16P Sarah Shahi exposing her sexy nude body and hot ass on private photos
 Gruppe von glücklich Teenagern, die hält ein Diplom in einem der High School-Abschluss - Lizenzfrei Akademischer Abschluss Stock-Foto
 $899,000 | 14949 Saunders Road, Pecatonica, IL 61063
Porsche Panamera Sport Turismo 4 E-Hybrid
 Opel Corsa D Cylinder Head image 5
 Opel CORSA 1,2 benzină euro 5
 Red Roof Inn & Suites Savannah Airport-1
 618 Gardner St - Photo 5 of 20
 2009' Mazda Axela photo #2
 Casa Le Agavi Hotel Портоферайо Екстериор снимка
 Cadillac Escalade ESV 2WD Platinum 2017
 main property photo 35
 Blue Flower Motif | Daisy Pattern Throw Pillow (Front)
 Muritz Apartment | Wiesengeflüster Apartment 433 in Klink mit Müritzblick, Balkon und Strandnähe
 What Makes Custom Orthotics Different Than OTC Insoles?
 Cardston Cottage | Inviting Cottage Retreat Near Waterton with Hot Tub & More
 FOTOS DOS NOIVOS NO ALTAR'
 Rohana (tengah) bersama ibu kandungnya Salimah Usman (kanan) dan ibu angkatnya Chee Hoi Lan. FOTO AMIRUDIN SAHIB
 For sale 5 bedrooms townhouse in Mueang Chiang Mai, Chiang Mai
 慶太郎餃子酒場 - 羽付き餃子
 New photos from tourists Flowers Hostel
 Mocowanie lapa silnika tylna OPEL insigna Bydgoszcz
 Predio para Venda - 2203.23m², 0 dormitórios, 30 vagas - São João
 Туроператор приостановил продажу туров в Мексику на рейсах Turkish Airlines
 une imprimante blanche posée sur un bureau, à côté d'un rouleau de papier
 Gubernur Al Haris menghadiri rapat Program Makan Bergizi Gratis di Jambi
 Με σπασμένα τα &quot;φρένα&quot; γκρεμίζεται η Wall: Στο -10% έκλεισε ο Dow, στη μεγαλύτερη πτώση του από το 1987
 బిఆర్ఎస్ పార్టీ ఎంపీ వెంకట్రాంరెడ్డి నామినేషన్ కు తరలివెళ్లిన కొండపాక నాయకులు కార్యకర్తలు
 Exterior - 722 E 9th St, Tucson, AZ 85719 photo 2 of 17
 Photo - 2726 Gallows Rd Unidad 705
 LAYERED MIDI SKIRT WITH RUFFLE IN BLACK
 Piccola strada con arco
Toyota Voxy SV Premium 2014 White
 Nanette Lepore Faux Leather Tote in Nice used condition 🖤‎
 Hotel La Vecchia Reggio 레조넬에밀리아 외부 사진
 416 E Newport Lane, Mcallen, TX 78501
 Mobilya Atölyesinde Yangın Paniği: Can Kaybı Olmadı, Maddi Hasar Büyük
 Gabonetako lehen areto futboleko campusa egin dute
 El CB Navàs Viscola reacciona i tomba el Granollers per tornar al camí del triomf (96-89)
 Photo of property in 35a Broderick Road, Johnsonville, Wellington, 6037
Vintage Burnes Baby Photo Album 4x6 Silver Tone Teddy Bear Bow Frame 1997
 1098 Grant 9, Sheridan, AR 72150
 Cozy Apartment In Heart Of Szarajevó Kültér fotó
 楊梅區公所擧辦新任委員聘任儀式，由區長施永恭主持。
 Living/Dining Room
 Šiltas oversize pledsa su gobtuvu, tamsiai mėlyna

┄┄┄┄┄┄

WHAT IS BEING ASKED>
Transcribe all records exactly as written.

EXERCISE ANSWER>
16P Sarah Shahi exposing her sexy nude body and hot ass on private photos
 Gruppe von glücklich Teenagern, die hält ein Diplom in einem der High School-Abschluss - Lizenzfrei Akademischer Abschluss Stock-Foto
 $899,000 | 14949 Saunders Road, Pecatonica, IL 61063
Porsche Panamera Sport Turismo 4 E-Hybrid
 Opel Corsa D Cylinder Head image 5
 Opel CORSA 1,2 benzină euro 5
 Red Roof Inn & Suites Savannah Airport-1
 618 Gardner St - Photo 5 of 20
 2009' Mazda Axela photo #2
 Casa Le Agavi Hotel Портоферайо Екстериор снимка
 Cadillac Escalade ESV 2WD Platinum 2017
 main property photo 35
 Blue Flower Motif | Daisy Pattern Throw Pillow (Front)
 Muritz Apartment | Wiesengeflüster Apartment 433 in Klink mit Müritzblick, Balkon und Strandnähe
 What Makes Custom Orthotics Different Than OTC Insoles?
 Cardston Cottage | Inviting Cottage Retreat Near Waterton with Hot Tub & More
 FOTOS DOS NOIVOS NO ALTAR'
 Rohana (tengah) bersama ibu kandungnya Salimah Usman (kanan) dan ibu angkatnya Chee Hoi Lan. FOTO AMIRUDIN SAHIB
 For sale 5 bedrooms townhouse in Mueang Chiang Mai, Chiang Mai
 慶太郎餃子酒場 - 羽付き餃子
 New photos from tourists Flowers Hostel
 Mocowanie lapa silnika tylna OPEL insigna Bydgoszcz
 Predio para Venda - 2203.23m², 0 dormitórios, 30 vagas - São João
 Туроператор приостановил продажу туров в Мексику на рейсах Turkish Airlines
 une imprimante blanche posée sur un bureau, à côté d'un rouleau de papier
 Gubernur Al Haris menghadiri rapat Program Makan Bergizi Gratis di Jambi
 Με σπασμένα τα &quot;φρένα&quot; γκρεμίζεται η Wall: Στο -10% έκλεισε ο Dow, στη μεγαλύτερη πτώση του από το 1987
 బిఆర్ఎస్ పార్టీ ఎంపీ వెంకట్రాంరెడ్డి నామినేషన్ కు తరలివెళ్లిన కొండపాక నాయకులు కార్యకర్తలు
 Exterior - 722 E 9th St, Tucson, AZ 85719 photo 2 of 17
 Photo - 2726 Gallows Rd Unidad 705
 LAYERED MIDI SKIRT WITH RUFFLE IN BLACK
 Piccola strada con arco
Toyota Voxy SV Premium 2014 White
 Nanette Lepore Faux Leather Tote in Nice used condition 🖤‎
 Hotel La Vecchia Reggio 레조넬에밀리아 외부 사진
 416 E Newport Lane, Mcallen, TX 78501
 Mobilya Atölyesinde Yangın Paniği: Can Kaybı Olmadı, Maddi Hasar Büyük
 Gabonetako lehen areto futboleko campusa egin dute
 El CB Navàs Viscola reacciona i tomba el Granollers per tornar al camí del triomf (96-89)
 Photo of property in 35a Broderick Road, Johnsonville, Wellington, 6037
Vintage Burnes Baby Photo Album 4x6 Silver Tone Teddy Bear Bow Frame 1997
 1098 Grant 9, Sheridan, AR 72150
 Cozy Apartment In Heart Of Szarajevó Kültér fotó
 楊梅區公所擧辦新任委員聘任儀式，由區長施永恭主持。
 Living/Dining Room
 Šiltas oversize pledsa su gobtuvu, tamsiai mėlyna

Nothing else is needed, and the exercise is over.